→ WORK TASK
Your answer consists of the lines in the data that contain "from". Copy each of them.

→ DATA EXCERPTS
◆ ◆ ◆

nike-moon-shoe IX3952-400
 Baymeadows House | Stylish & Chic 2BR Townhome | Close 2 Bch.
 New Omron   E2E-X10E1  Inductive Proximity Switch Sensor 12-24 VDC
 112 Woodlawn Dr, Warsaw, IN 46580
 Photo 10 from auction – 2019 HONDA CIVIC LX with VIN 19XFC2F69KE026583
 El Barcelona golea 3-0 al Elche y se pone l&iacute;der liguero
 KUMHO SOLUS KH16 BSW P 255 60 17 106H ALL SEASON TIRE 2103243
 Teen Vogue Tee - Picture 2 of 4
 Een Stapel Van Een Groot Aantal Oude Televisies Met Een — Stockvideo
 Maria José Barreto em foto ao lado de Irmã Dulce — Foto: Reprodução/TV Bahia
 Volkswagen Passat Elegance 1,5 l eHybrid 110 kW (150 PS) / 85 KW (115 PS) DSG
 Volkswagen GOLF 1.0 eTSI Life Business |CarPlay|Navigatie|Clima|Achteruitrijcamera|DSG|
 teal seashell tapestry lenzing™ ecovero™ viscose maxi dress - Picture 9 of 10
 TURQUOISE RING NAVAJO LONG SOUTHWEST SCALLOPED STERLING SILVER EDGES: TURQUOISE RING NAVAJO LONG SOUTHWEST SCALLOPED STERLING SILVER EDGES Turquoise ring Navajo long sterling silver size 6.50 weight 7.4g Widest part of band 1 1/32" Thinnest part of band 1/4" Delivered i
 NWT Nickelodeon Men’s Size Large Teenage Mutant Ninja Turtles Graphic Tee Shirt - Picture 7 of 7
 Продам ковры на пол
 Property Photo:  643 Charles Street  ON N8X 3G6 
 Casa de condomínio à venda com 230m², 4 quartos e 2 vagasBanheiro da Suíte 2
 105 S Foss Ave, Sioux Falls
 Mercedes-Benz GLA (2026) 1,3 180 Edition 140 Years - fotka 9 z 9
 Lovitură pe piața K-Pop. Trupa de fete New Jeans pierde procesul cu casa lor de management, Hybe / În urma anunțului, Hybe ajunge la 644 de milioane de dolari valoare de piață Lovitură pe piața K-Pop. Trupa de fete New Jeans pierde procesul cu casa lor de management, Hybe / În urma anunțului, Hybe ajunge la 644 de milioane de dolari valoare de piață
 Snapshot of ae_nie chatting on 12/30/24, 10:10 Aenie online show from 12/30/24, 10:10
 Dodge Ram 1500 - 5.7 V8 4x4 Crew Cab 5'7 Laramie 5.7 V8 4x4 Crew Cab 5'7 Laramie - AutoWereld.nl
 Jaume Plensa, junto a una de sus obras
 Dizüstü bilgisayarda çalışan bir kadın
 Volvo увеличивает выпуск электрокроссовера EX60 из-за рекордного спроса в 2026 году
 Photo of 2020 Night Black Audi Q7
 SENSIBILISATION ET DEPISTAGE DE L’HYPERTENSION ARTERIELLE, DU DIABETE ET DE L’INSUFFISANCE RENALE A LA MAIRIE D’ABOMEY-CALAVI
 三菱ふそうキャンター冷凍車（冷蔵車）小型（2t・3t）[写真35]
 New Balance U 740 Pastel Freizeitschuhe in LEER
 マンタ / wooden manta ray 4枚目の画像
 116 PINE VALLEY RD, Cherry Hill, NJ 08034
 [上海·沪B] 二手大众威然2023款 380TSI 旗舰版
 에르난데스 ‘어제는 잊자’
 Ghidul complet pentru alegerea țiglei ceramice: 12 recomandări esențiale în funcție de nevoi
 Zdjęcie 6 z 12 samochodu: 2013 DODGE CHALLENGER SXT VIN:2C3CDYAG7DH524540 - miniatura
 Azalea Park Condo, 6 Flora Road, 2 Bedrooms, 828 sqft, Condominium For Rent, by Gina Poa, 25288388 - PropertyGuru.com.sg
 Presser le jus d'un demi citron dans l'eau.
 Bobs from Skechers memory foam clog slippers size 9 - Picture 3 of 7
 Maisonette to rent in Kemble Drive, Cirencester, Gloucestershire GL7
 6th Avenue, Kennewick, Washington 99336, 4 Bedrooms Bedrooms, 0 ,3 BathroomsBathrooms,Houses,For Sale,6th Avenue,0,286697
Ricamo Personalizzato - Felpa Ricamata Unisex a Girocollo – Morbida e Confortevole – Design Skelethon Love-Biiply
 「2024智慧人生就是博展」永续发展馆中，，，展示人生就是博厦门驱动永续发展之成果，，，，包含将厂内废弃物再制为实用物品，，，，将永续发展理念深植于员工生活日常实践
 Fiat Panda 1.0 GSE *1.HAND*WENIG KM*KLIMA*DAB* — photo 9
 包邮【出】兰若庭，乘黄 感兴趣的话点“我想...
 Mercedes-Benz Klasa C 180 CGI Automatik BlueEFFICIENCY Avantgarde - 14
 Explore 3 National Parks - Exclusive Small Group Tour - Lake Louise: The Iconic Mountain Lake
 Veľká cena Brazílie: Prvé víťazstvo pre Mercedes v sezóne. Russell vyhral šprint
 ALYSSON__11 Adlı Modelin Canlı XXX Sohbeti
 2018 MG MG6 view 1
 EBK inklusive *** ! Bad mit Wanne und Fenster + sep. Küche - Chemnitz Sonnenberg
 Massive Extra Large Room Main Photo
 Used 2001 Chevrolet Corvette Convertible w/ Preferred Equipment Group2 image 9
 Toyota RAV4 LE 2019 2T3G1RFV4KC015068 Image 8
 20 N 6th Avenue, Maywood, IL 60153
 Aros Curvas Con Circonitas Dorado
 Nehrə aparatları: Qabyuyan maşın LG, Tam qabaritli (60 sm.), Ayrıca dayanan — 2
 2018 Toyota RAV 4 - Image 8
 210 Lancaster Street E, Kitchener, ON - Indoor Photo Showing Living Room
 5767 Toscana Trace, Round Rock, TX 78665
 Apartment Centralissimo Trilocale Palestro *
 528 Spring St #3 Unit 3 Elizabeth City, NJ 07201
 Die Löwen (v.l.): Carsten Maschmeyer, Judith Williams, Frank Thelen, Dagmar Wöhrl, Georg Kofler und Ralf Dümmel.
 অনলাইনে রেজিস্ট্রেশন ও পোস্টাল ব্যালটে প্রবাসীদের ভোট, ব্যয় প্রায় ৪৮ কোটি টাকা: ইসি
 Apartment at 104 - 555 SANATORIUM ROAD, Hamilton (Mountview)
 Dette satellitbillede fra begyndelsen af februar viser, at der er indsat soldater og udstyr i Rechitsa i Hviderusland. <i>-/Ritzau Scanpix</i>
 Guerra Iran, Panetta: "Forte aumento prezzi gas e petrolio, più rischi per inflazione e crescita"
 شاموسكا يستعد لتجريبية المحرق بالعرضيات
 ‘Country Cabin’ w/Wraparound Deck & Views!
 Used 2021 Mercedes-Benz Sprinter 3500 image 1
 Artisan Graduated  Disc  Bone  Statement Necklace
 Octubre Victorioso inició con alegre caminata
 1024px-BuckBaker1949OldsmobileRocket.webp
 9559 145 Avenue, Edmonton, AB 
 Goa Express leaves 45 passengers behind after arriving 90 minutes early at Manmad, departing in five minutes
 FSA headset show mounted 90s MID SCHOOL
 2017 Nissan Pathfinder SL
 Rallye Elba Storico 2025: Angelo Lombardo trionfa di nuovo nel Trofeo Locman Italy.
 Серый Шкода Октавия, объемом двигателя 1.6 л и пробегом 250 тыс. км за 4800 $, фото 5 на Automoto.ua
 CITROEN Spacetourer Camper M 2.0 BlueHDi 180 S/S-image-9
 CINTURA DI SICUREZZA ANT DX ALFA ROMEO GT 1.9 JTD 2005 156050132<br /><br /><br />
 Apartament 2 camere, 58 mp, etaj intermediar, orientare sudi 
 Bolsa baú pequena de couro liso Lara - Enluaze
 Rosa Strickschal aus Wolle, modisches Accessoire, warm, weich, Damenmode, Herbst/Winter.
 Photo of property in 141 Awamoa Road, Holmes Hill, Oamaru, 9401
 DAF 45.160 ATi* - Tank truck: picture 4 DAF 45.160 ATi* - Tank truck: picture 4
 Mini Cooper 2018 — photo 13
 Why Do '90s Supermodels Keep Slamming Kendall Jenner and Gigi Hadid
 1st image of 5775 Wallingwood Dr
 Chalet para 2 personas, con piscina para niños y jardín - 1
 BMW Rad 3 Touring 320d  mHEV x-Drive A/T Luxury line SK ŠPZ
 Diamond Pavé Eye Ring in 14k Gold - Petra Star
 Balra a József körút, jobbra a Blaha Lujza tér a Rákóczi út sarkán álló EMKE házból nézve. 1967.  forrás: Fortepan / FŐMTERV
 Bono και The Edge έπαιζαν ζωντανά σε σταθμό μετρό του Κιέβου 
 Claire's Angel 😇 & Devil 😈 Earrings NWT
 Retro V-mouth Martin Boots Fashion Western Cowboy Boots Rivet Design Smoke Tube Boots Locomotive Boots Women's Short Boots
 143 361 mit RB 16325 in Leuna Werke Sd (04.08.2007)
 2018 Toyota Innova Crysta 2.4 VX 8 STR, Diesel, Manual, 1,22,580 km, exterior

◆ ◆ ◆

→ SOLUTION FOR THIS EXERCISE
 Photo 10 from auction – 2019 HONDA CIVIC LX with VIN 19XFC2F69KE026583
 Snapshot of ae_nie chatting on 12/30/24, 10:10 Aenie online show from 12/30/24, 10:10
 Bobs from Skechers memory foam clog slippers size 9 - Picture 3 of 7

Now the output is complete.